Yaklaşık bir yıl önce İstanbul’da yaşanan olay ile ilgili yeni bir gelişme yaşandı.
Ama o zamandan bu zamana çok bir şey değişmedi…
Şort giydiği için otobüste saldırıya uğrayan Ayşegül Terzi davasında karar çıktı.
*****
Sakız gibi uzatılan dava süreci sonunda çözüme kavuştu.
Davada 6 duruşma sonunda karar çıktı.
Bu süreç içinde saldırgan Abdullah Çakıroğlu tam 3 kere tahliye edildi. Dile kolay tam 3 kere serbest kalıp gülümsedi bu kişi.
*****
9 yıl 4 aya kadar hapis cezası istemiyle iddianame hazırlanmıştı.
Ama ne yazık ki "inanç düşünce ve kanaat hürriyetinin kullanılmasını engelleme, halkı kin ve düşmanlığa tahrik veya aşağılama, kasten yaralama ve hakaret" suçlarından yalnızca 3 yıl 10 ay hapis cezasına çarptırıldı…
*****
Bu ceza zaten yetersiz… Ama bir sorun daha var… Yarın ya da diğer gün bu saldırganın içeride kalıp kalmayacağı da belli değil… Şimdi cezada indirim ve ertelemeye gidilmedi. Peki ya yarın?
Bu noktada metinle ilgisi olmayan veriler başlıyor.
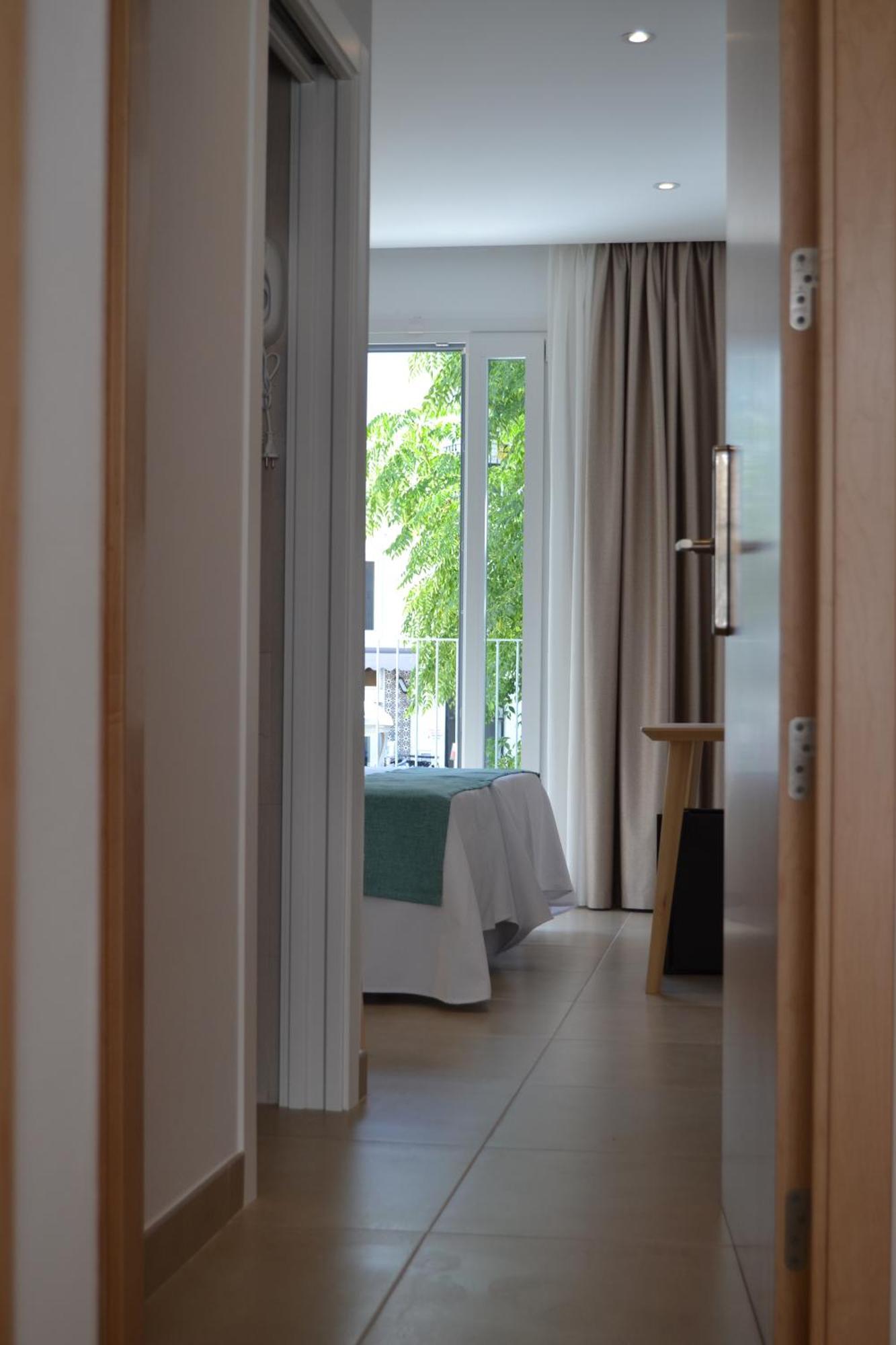 Hotel Oasis Кониль-де-ла-Фронтера Экстерьер фото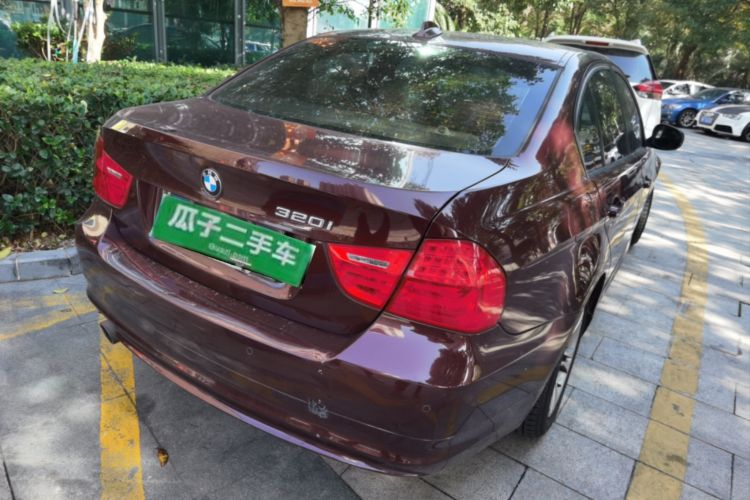 Used BMW 3 Series 2010 320i Luxury Model Rear Right 45 Deg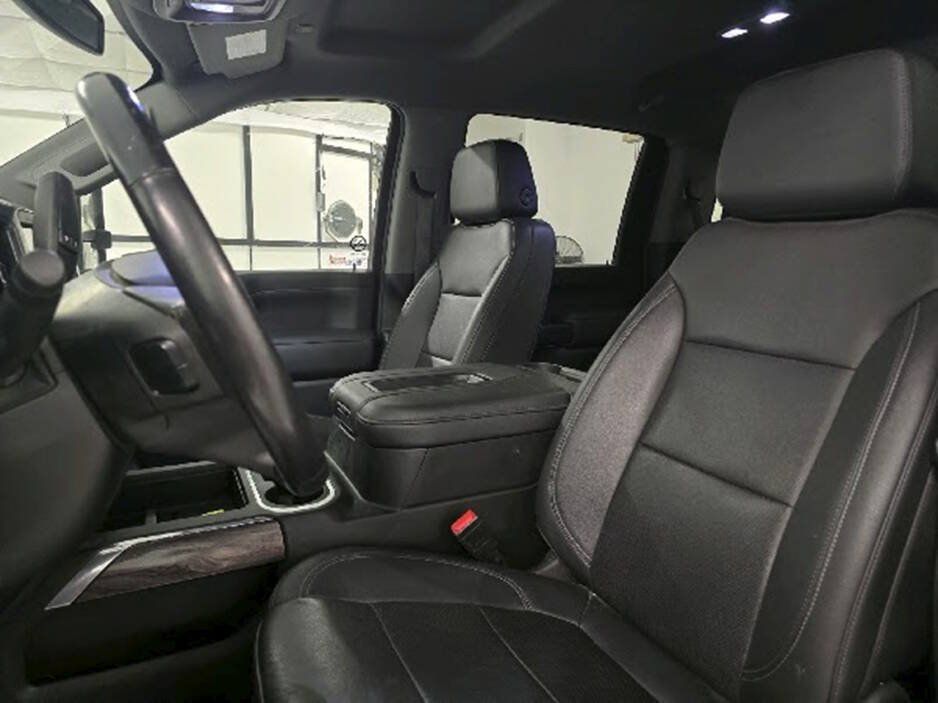 Used 2022 Chevrolet Silverado 2500 LTZ w/ LTZ Plus Package AWD/4WD image 15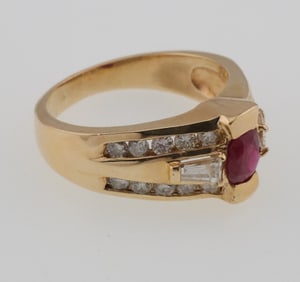 14k Gold Natural Ruby & Diamond Ring 6.4g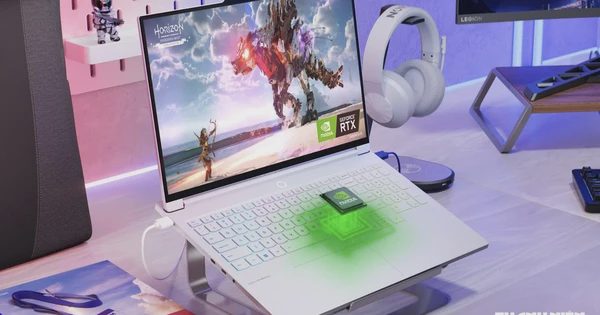 Vì sao Huawei bị cấm còn Lenovo vẫn được bán máy tính tại Mỹ?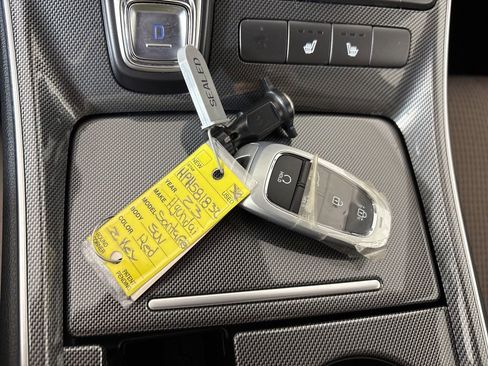 Used 2023 Hyundai Santa Fe SEL w/ Cargo Package image 30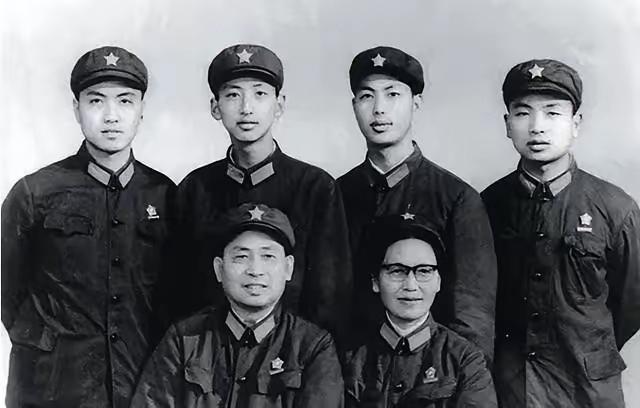 1944年，开国上将李天佑见女友家长，不料看到岳父，他才发现是熟人，不由得感叹说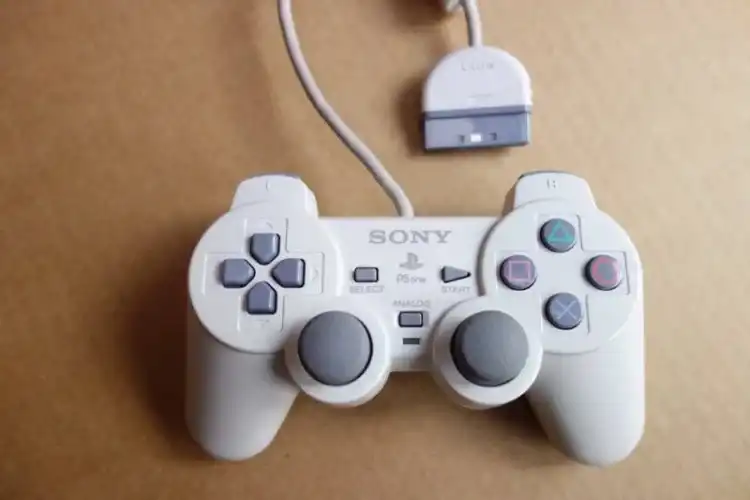 Sony PlayStation Slimline Grey Controller [NA]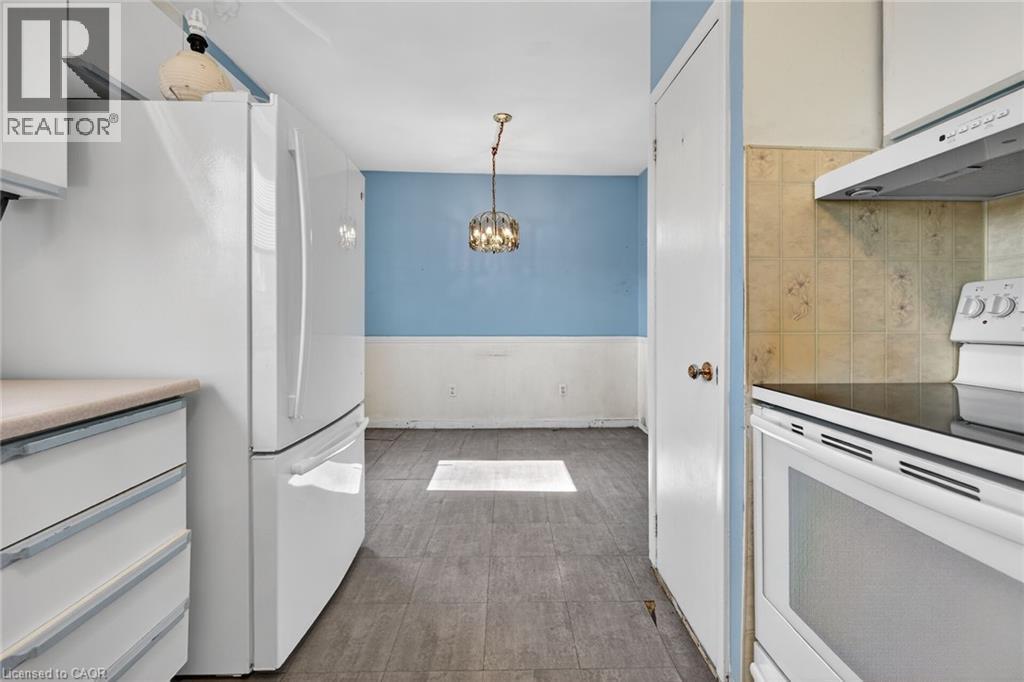 












227 WEST 19TH Street

,
Hamilton,




Ontario
L9C4J3

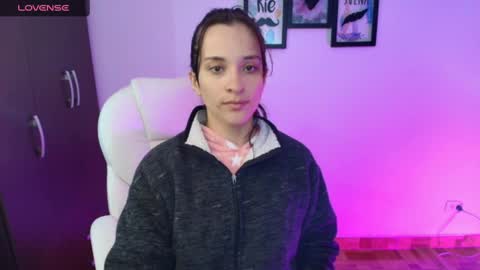 Snapshot of lilith01_ chatting on 02.17.25 Leidy online show from 02.17.25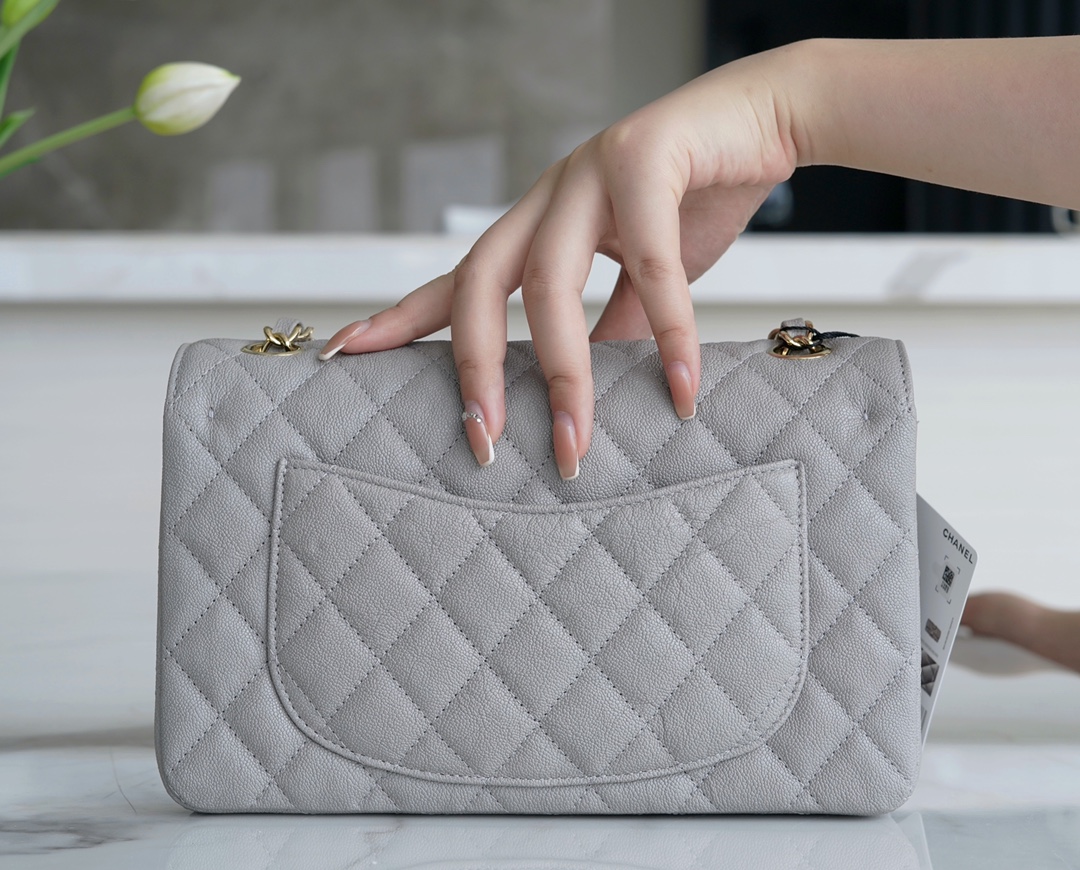 𝐂𝐇𝐀𝐍𝐄𝐋 Classic Flap France 🇫🇷 𝐇𝐚𝐚𝐬Original Caviar 🐂Water Fetal Calf Small 🐘Light Gray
Her an iyi halden uyumlu davranışlardan bu saldırganın cezası düşebilir…
*****
Verilen ceza caydırıcılıktan o kadar uzak ki bu olayın üstüne birçok saldırı haberi gelmeye devam etti.
Bu artık bir hak gibi görüldü. Kadına şiddet uygulamanın ötesine geçti… İnsanların hürriyetine zarar verme boyutuna geçti…
*****
En küçük olay siyasiler tarafından haftalarca tartışılırken bu olay nedense sadece vatandaşın ve medyanın dile getirmesiyle gündemde kaldı…
Bu kişi şimdilik tutuklu, peki bu adama özenen, gündem oluşturmak isteyen, geri kafalı ve insan hürriyetine zerre önem vermeyen diğerleri ne olacak?
*****
Bu ceza da yetmez…
Bu gibi durumlarda verilen cezalar daha caydırıcı olmalı… Öyle caydırıcı olmalı ki bu ve bunun gibi kişiler korkmalı…
Bu gibi durumlara bir daha tanık olmamak böyle bir olayın olmaması en büyük temennimizdir.
Bu yönüyle adalete olan güvenimiz tam. Meclis’in de bu konuda harekete geçmesini ve yapılacak bu tür saldırıların önüne geçilmesini bekliyoruz.
Artık kadına şiddet olmasın istiyoruz.